Observability + learning layer for agent CLIs (Claude Code, opencode, Codex, OpenClaw). Ingests session logs, classifies failures, mines recurring lessons, ranks them by a forgetting curve, writes the top corroborated guardrails into AGENTS.md, and measur

Readme

Aladeen

Named after the all-purpose word from The Dictator — it means both "positive" and "negative" at once. Fitting for a tool whose whole job is sorting agent sessions into exactly those two piles.

Observability + learning layer for agent CLIs.

Aladeen reads the session logs that tools like Claude Code, opencode, Codex, and OpenClaw leave behind, normalizes them into a single schema, surfaces failure-pattern reports + drill-down replays, and — new in v0.2.0 — learns from them: deterministic detectors mine recurring lesson shapes, a forgetting curve ranks them by importance and recency, and aladeen learn --apply writes the top corroborated guardrails into an Aladeen-owned fenced block in AGENTS.md so the next session reads them by default.
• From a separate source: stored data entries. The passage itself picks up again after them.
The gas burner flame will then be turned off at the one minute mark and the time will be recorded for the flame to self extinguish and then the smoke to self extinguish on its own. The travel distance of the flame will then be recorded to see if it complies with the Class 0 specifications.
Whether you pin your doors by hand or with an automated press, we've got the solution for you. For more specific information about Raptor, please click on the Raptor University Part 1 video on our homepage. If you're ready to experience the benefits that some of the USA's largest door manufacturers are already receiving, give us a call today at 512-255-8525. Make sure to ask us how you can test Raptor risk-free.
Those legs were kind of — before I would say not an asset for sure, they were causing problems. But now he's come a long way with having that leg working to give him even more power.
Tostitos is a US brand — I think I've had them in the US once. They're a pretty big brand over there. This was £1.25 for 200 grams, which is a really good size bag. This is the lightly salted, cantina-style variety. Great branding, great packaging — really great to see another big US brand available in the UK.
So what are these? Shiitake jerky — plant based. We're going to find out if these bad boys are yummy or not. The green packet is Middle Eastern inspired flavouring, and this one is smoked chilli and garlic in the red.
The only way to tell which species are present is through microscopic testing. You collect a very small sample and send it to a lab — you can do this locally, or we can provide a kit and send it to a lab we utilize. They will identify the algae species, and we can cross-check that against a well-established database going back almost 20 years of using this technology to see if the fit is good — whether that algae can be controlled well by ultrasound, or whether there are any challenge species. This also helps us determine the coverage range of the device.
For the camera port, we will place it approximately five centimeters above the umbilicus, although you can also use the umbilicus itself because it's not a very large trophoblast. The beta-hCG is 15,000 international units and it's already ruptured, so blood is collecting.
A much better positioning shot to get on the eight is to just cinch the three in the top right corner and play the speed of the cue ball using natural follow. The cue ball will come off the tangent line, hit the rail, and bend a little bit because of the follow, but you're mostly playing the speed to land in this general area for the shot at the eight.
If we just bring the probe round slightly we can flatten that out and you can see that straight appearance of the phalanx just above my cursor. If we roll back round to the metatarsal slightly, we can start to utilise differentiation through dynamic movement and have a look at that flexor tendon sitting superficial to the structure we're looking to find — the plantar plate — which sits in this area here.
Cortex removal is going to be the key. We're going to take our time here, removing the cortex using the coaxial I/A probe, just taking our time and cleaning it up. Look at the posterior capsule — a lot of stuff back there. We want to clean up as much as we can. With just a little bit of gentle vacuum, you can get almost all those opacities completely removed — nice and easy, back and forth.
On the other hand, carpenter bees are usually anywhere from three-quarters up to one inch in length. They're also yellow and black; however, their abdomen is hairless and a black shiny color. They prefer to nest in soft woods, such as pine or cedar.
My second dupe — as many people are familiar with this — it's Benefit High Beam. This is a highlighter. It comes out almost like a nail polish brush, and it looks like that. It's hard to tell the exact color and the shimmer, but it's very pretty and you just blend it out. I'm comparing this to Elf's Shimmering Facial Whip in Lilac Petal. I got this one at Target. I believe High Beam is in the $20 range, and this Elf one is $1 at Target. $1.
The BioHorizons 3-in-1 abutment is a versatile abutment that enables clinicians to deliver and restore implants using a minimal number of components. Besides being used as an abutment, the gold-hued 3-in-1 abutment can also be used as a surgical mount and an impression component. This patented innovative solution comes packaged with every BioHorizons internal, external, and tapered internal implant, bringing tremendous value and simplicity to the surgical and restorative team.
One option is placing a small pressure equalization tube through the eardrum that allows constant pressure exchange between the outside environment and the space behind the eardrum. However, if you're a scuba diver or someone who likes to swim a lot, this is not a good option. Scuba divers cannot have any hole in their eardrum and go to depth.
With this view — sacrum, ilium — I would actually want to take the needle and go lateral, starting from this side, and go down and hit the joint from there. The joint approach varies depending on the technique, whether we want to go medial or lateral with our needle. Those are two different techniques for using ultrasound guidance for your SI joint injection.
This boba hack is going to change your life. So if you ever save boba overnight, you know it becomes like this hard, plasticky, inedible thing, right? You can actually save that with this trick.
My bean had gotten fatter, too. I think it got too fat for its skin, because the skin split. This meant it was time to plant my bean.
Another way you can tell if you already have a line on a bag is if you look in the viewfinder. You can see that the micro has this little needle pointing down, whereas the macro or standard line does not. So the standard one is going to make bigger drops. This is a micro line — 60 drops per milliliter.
It doesn't replace your agent — it watches it work and tells it where it keeps getting stuck.

Install

npm install -g aladeen

Or run without installing:

npx aladeen report

What it does today

aladeen ingest claude-code          # parse ~/.claude/projects/<repo>/*.jsonl
aladeen ingest opencode             # parse ~/.local/share/opencode/opencode.db
aladeen ingest codex                # parse ~/.codex/sessions/YYYY/MM/DD/rollout-*.jsonl
aladeen ingest openclaw             # parse ~/.openclaw/agents/<id>/sessions/*.jsonl
aladeen ingest aladeen-runs         # parse <repo>/.aladeen/runs/*.json (Aladeen's own runs)
aladeen report                      # show failure-pattern buckets across all ingested sessions
aladeen replay <fingerprint>        # drill into a single bucket: files touched, asks, first failures
aladeen remedy <fingerprint>        # suggest a read-only remedy: known-fix pointer or prior resolved sessions
aladeen learn                       # mine lessons from ingested sessions; rank by forgetting curve
aladeen learn --apply               # write top corroborated lessons into an AGENTS.md fenced block
aladeen lessons                     # list ranked lessons with evidence counts and decay state

MCP server (in-session queries from any agent)

Once you've ingested some sessions, Aladeen also ships as an MCP server so any MCP-aware agent (Claude Code, opencode, Codex, Cursor, etc.) can query the accumulated knowledge mid-session — no context switch, no CLI invocation.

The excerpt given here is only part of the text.